* _Exercise instructions_: Without including the images, transcribe each record precisely as it appears below.

[Data records]
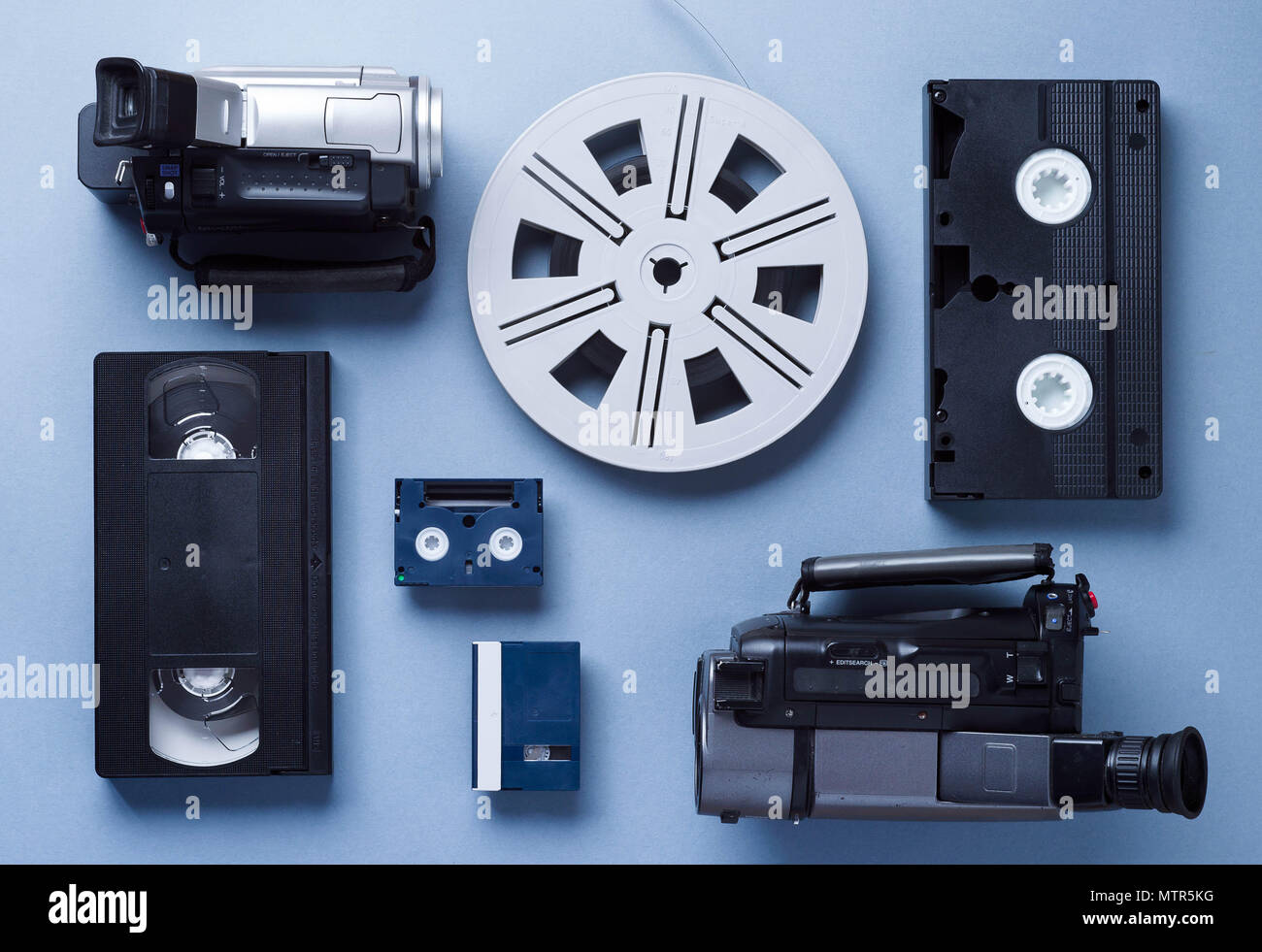 Videokameras, VHS und Mini Kassetten und einer Folienrolle gut über blauen Hintergrund angeordnet, vor anzeigen Stockfoto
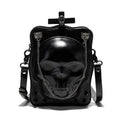 Black mini square crossbody bag with skull embroidery, decorative stitching, and metal chain details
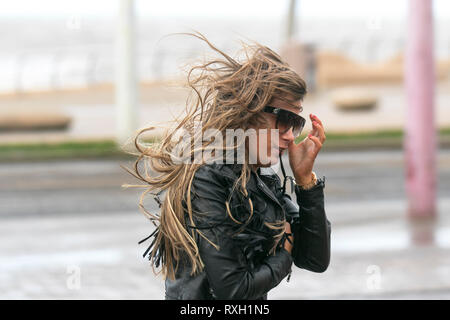Blackpool, Großbritannien. 10. März, 2019. Strong gale force Winde an der Küste. Shopper sind windswept als der starke Stürmische Winde fegen durch die Innenstadt. Wetter Warnungen haben sich über den Nordwesten von England für schwere Böen und Starkregen über das Wochenende ausgestellt wurde. . Credit: MediaWorldImages/Alamy leben Nachrichten Stockfoto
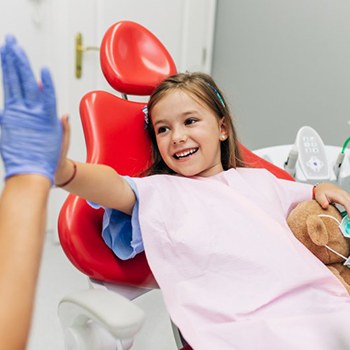 Young girl high-fives her Allen children’s dentist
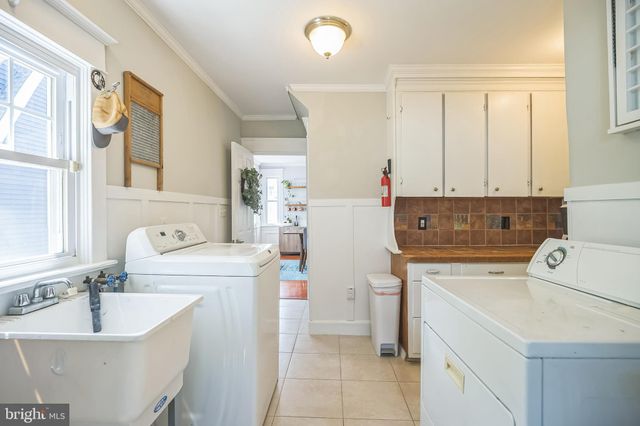 a utility room with cabinets washer and dryer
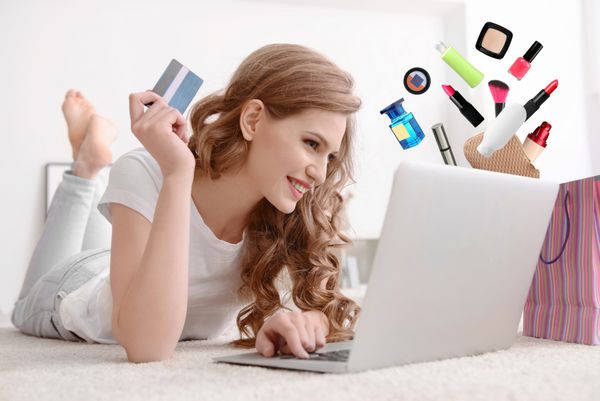 خرید آنلاین زن جوان با کارت اعتباری و لپ تاپ در خانه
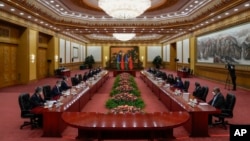 Visiting Solomon Islands Prime Minister Manasseh Sogavare, fifth from right, talks to his Chinese counterpart Li Qiang, fifth from left, during a meeting at the Great Hall of the People in Beijing, July 10, 2023.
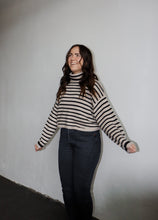 Load image into Gallery viewer, model wearing the reasons why sweater. model has the sweater paired with a pair of black denim.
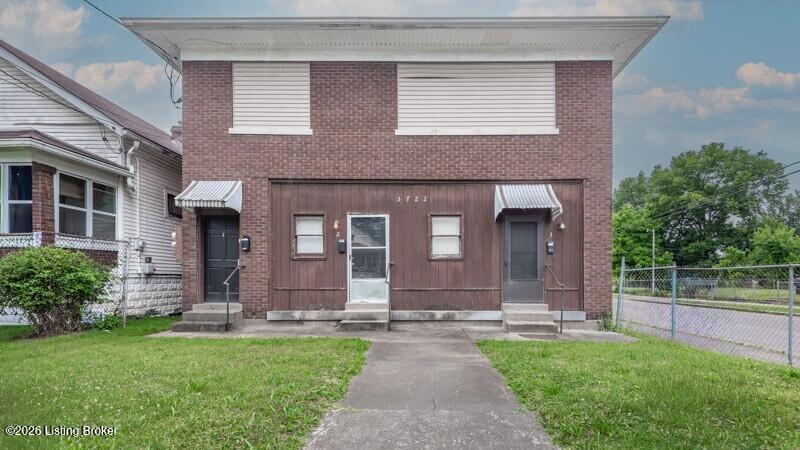 Two-story brick building with two entrances, metal awnings, and a walkway across the lawn.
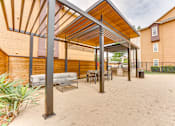 Thumbnail 31 of 68 - A patio with a white couch and a table under a roof at Limestone Ranch Apartments, Lewisville 75067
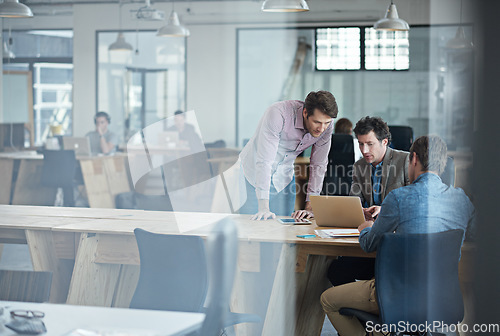 Image of Mentorship, teamwork or business people in startup planning to design a project for collaboration. Laptop, online or manager training, teaching or coaching employees for digital research behind glass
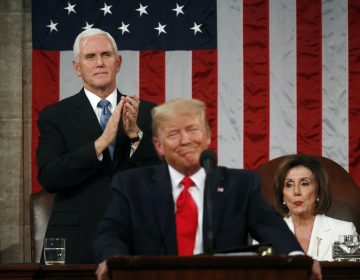 U.S. Vice President Mike Pence stands and applauds as Speaker of the House Nancy Pelosi reacts to President Donald Trump as he delivers his State of the Union address. (REUTERS/Leah Millis/POOL)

* _Response to this exercise_:
 Videokameras, VHS und Mini Kassetten und einer Folienrolle gut über blauen Hintergrund angeordnet, vor anzeigen Stockfoto
 Black mini square crossbody bag with skull embroidery, decorative stitching, and metal chain details
Blackpool, Großbritannien. 10. März, 2019. Strong gale force Winde an der Küste. Shopper sind windswept als der starke Stürmische Winde fegen durch die Innenstadt. Wetter Warnungen haben sich über den Nordwesten von England für schwere Böen und Starkregen über das Wochenende ausgestellt wurde. . Credit: MediaWorldImages/Alamy leben Nachrichten Stockfoto
 Young girl high-fives her Allen children’s dentist
 a utility room with cabinets washer and dryer
 خرید آنلاین زن جوان با کارت اعتباری و لپ تاپ در خانه
 Visiting Solomon Islands Prime Minister Manasseh Sogavare, fifth from right, talks to his Chinese counterpart Li Qiang, fifth from left, during a meeting at the Great Hall of the People in Beijing, July 10, 2023.
 Load image into Gallery viewer, model wearing the reasons why sweater. model has the sweater paired with a pair of black denim.
 Two-story brick building with two entrances, metal awnings, and a walkway across the lawn.
 Thumbnail 31 of 68 - A patio with a white couch and a table under a roof at Limestone Ranch Apartments, Lewisville 75067
 Image of Mentorship, teamwork or business people in startup planning to design a project for collaboration. Laptop, online or manager training, teaching or coaching employees for digital research behind glass
 U.S. Vice President Mike Pence stands and applauds as Speaker of the House Nancy Pelosi reacts to President Donald Trump as he delivers his State of the Union address. (REUTERS/Leah Millis/POOL)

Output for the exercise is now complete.